The data below:

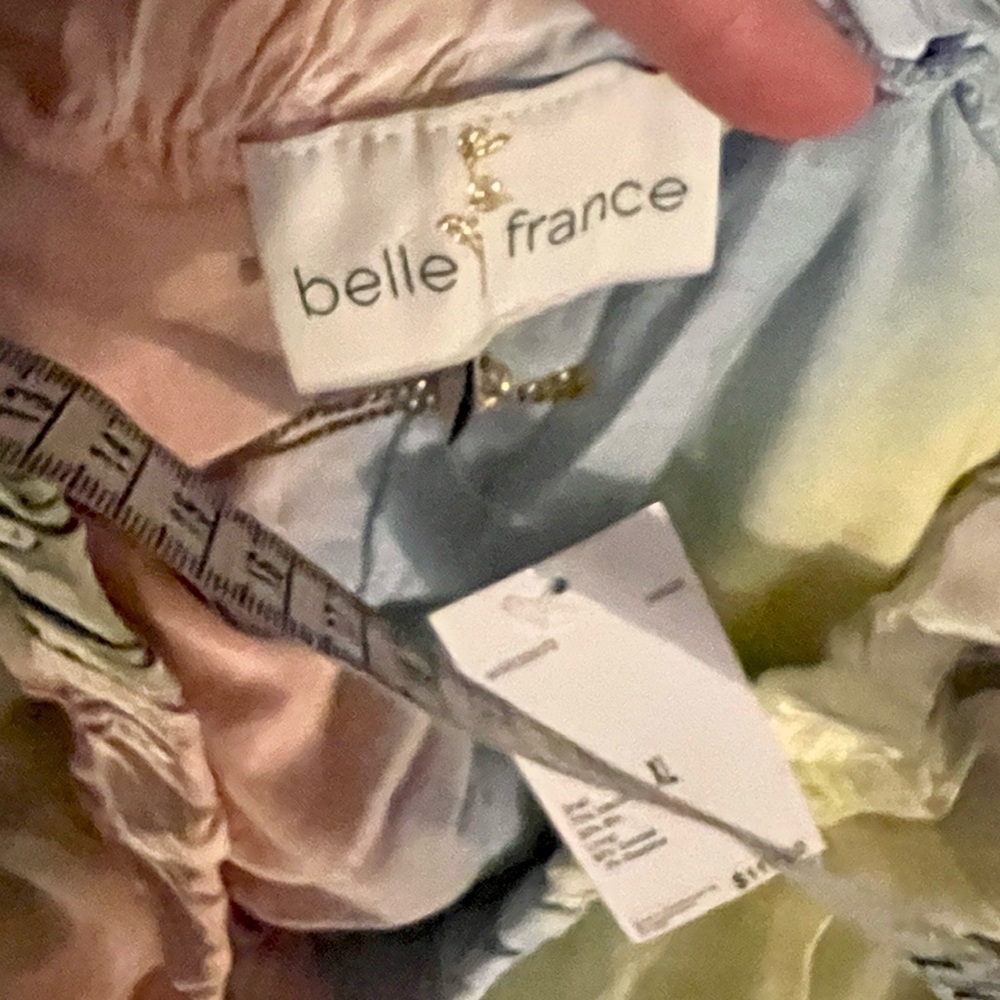 NWT,Belle France,Silk-Blend Skirt Boho Resort Flowing Elastic-Waist,Size L - Picture 2 of 7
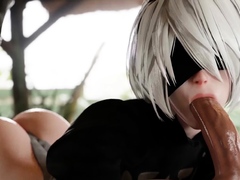 NieR Automata Horny 2B Suck Huge Thick Cock Sex Collection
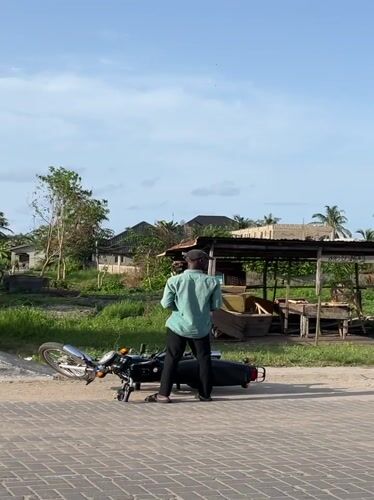 Morning street life unfolds in Badagry, Nigeria
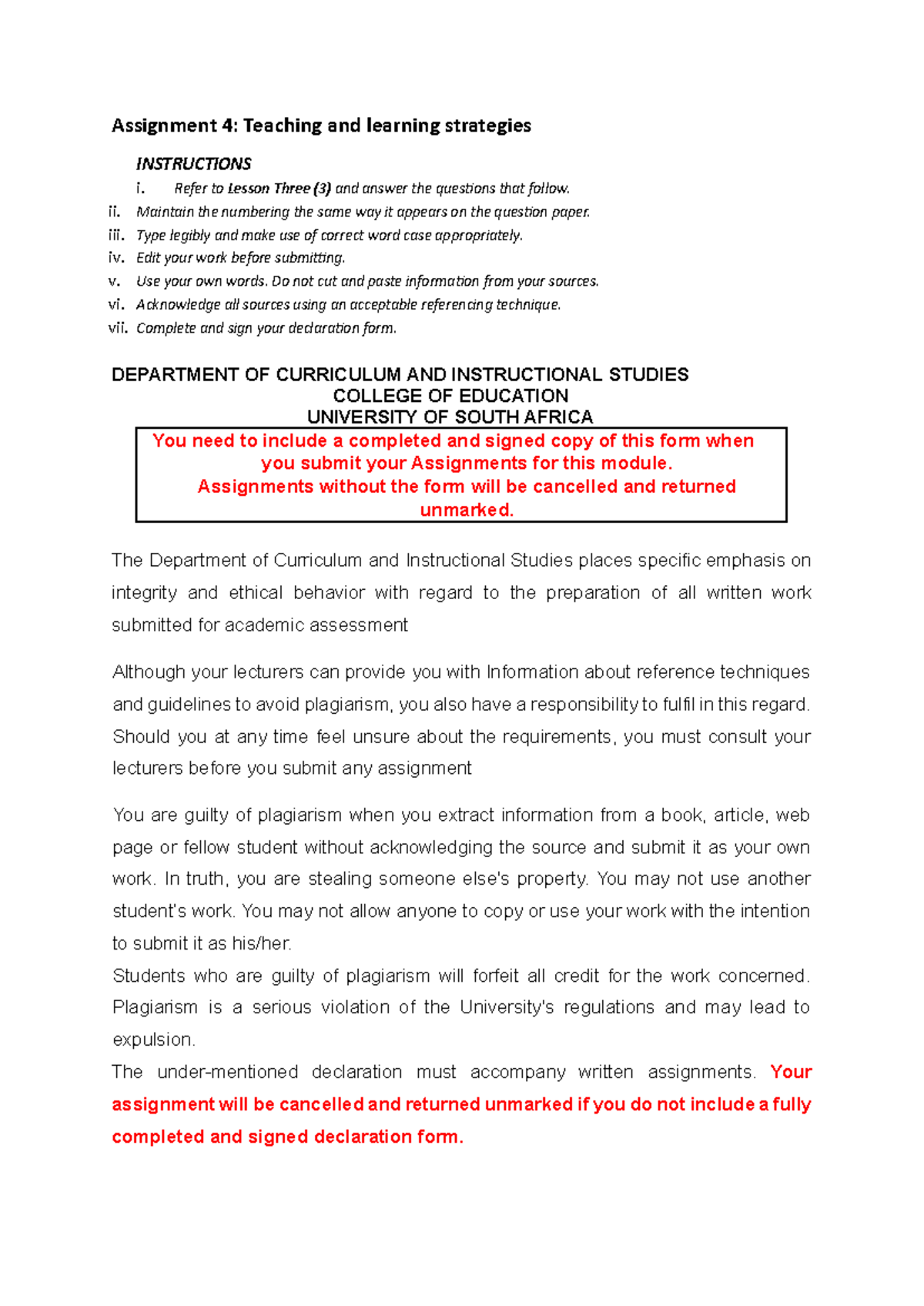 Teaching & Learning Strategies: Semester 2 Assignment 4 (BPT) - Studocu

End of The data.

Exercise details:
Please return only the lines from the top of the data through the line with "Morning street life", exactly as written, and drop every picture.

Final answer:
 NWT,Belle France,Silk-Blend Skirt Boho Resort Flowing Elastic-Waist,Size L - Picture 2 of 7
 NieR Automata Horny 2B Suck Huge Thick Cock Sex Collection
 Morning street life unfolds in Badagry, Nigeria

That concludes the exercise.